On Love And Marriage

by christinefromsherwood



Series: 2020 Fest Headcanons [9]
Category: James Bond (Classic movies)
Genre: And thrives, F/M, Fluff, Fräulein Bunt Who?, Headcanon, Not Canon Compliant, Tracy & Bond Friendship, Tracy Lives
Language: English
Status: Completed
Published: 2020-07-19
Updated: 2020-07-19
Packaged: 2021-03-05 06:42:35
Rating: General Audiences
Warnings: No Archive Warnings Apply
Chapters: 1
Words: 718
Publisher: archiveofourown.org
Story URL: https://archiveofourown.org/works/25380076
Author URL: https://archiveofourown.org/users/christinefromsherwood/pseuds/christinefromsherwood
Summary: James Bond and Teresa di Vincenzo married in Portugal on a warm summer day in 1970.They went on their honeymoon and bought a small flat in London together.They separated after four months.
Relationships: James Bond/Teresa "Tracy" di Vicenzo
Series: 2020 Fest Headcanons [9]
Series URL: https://archiveofourown.org/series/1816660
Comments: 4
Kudos: 14
Collections: 007 Fest Fancreations





	On Love And Marriage

**Author's Note:**

> written for the Rare Pair Prompt Table: Tracy/James

James Bond and Teresa di Vincenzo married in Portugal on a warm summer day in 1970. 

They went on their honeymoon and bought a small flat in London together. 

They separated after four months. 

None of Tracy’s “fast set” were shocked or surprised by this turn of events.
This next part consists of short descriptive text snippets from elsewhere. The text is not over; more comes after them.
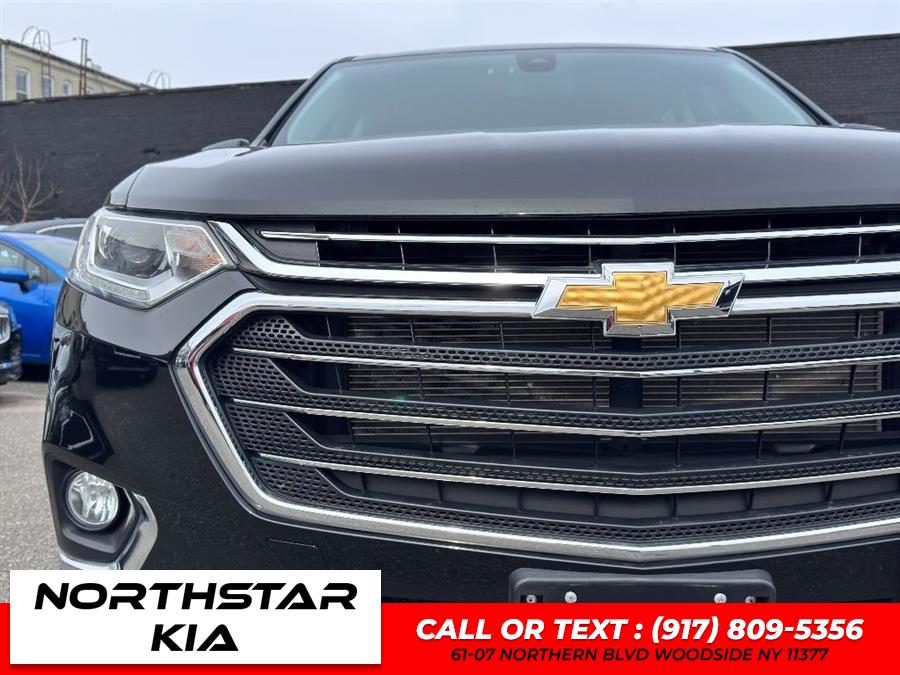 2021 Chevrolet Traverse LT Leather, available for sale in Woodside, New York | Northstar Kia - Used Cars Super Center. Woodside, New York 2021 Chevrolet Traverse LT Leather, available for sale in Woodside, New York | Northstar Kia - Used Cars Super Center. Woodside, New York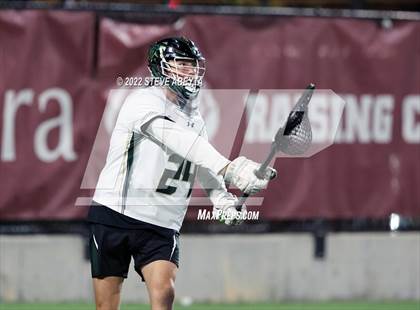 Thumbnail 3 in Arapahoe vs Mountain Vista (CHSAA 5A Championship) photogallery.
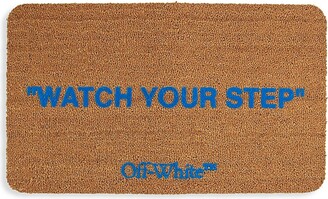 Off-White Home 2.0 Quote Doormat - ShopStyle Kitchen Tools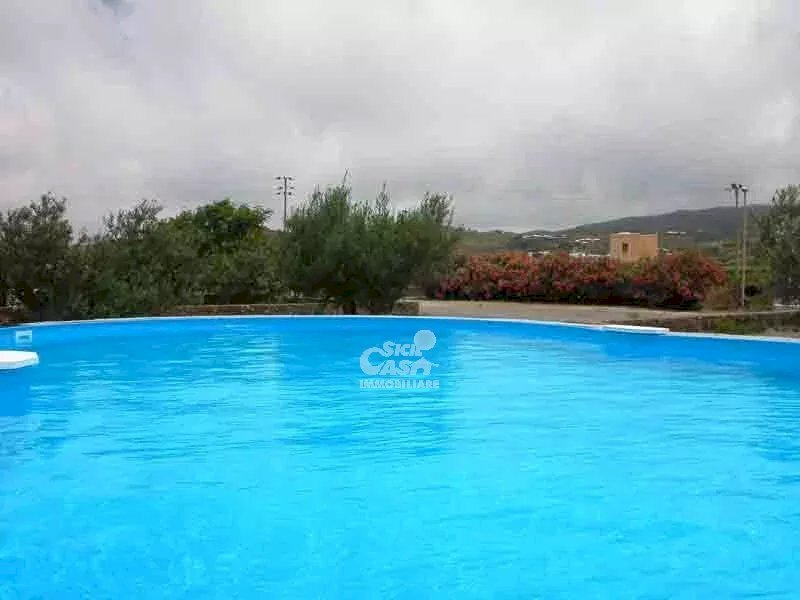 Villa Pantelleria - foto 3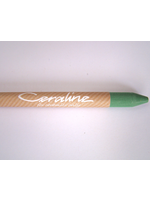 Ceraline Earthenware Crayon Green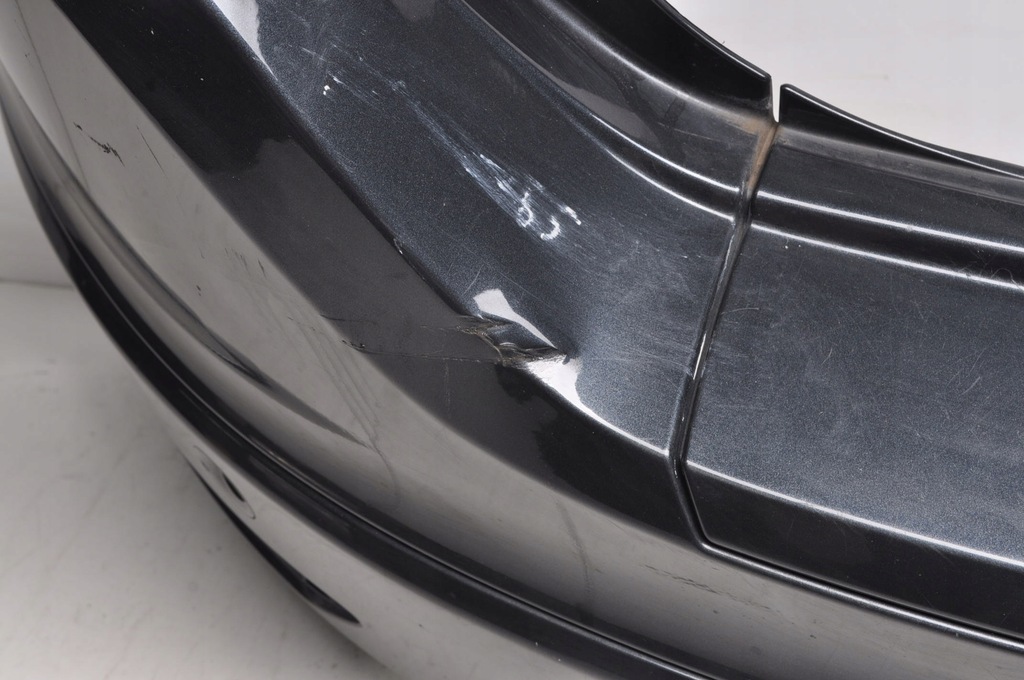 фото №14, Volvo xc60 i бампер задняя задний lift pod pdc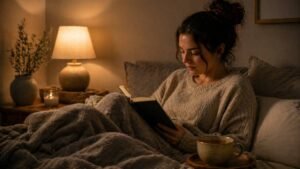 Mind Layer For Mental Calm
The same didn’t go for her father, who seemed to consider his new son-in-law as the whitest and shiniest of knights in armour come to save his daughter from clinical depression.

But Tracy didn’t need to be _rescued_. She needed help, medication and therapy, not a husband who considered fucking his way to oblivion the panacea for any and all problems. 

Tracy kept the flat in London and stayed friends with James, but he was often gone for long stretches of time and she hardly ever missed him. 

Frankly, Tracy didn’t have time to wonder about the comings and goings of her husband. She had a job to go to every day. 

She worked as a secretary for a businessman, who did a lot of his trade in Italy. Tracy didn’t have any illusions about her father’s role in her getting the position. This helped her not feel too bad about being a _very_ incompetent secretary. Plus having money she’d actually worked to earn was quite nice. 

She got herself a therapist and, at her advice, started going to lunch with the other secretaries at the firm. The food in the canteen was horrible--absolutely awful, really--but the company was nice. Really nice, in fact. 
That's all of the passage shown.